Studio album by B'z
- Released: June 28, 2006
- Recorded: 2005–2006
- Genres: Hard rock; blues rock;
- Length: 59:04
- Label: Vermillion Records
- Producer: Tak Matsumoto

B'z chronology
| The Circle (2005) | Monster (2006) | Action (2007) |

Singles from Monster
- "Ocean" Released: August 10, 2005; "Shōdō" Released: January 25, 2006; "Yuruginaimono Hitotsu" Released: April 12, 2006; "Splash!" Released: June 7, 2006;

= Monster (B'z album) =

Monster is the fifteenth studio album by the Japanese rock duo B'z, released on June 28, 2006. The album sold over 401,000 copies in its first week, an improvement from 2005's "The Circle". In total the album sold over 537,091 copies.

==Track listing==
1. "ALL-OUT ATTACK" - 4:11
2. "SPLASH!" - 3:33
3. "ゆるぎないものひとつ" [Yuruginai Mono Hitotsu] [One Unwavering Thing] - 4:38
4. "恋のサマーセッション" [Koi no SAMA- SESSHON → Koi no SUMMER SESSION] [Love's SUMMER SESSION] - 3:28
5. "ケムリの世界" [KEMURI no Sekai] [World of SMOKE] - 3:05
6. "衝動 ~MONSTER MiX~" [Shoudou ~MONSTER MiX~] [Impulse ~MONSTER MiX~] - 3:16
7. "無言のPromise" [Mugon no Promise] [Wordless Promise] - 4:57
8. "MONSTER" - 4:53
9. "ネテモサメテモ" [NETEMOSAMETEMO] [In Sleeping, and in Waking] - 3:26
10. "Happy Birthday" - 3:54
11. "ピエロ" [PIERO → PIERROT] - 3:13
12. "雨だれぶるーず" [Amadare Buru-zu → Amadare Blues] [Raindrop Blues] - 6:17
13. "明日また陽が昇るなら" [Ashita Mata Hi ga Noboru Nara] [If the Sun Comes Up Again Tomorrow] - 4:52
14. "OCEAN ~2006 MiX~" - 5:26

== Singles ==
=== "Yuruginaimono Hitotsu" ===

"Yuruginaimono Hitotsu" was released as the forty-first single by B'z on April 12, 2006, topping being the Oricon charts.
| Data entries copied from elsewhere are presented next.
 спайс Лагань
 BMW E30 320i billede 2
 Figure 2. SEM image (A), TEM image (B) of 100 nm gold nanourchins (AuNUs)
The B-side "Pierrot" was also featured on Monster and it has been covered by Aya Kamiki. The song is used as the ending theme in Detective Conans tenth feature film Detective Conan: The Private Eyes' Requiem.

==== Track listing ====
1. Yuruginaimono Hitotsu (ゆるぎないものひとつ) - 4:37
2. Piero (Pierrot) (ピエロ) - 3:13

====Certifications====

| Region | Certification | Certified units/sales |
| Japan (RIAJ) | Platinum | 250,000^{^} |
^{^} Shipments figures based on certification alone.

==Personnel==
- Tak Matsumoto (guitar)
- Koshi Inaba (vocals)

==Certifications==

| Region | Certification | Certified units/sales |
| Japan (RIAJ) | 2× Platinum | 500,000^{^} |
^{^} Shipments figures based on certification alone.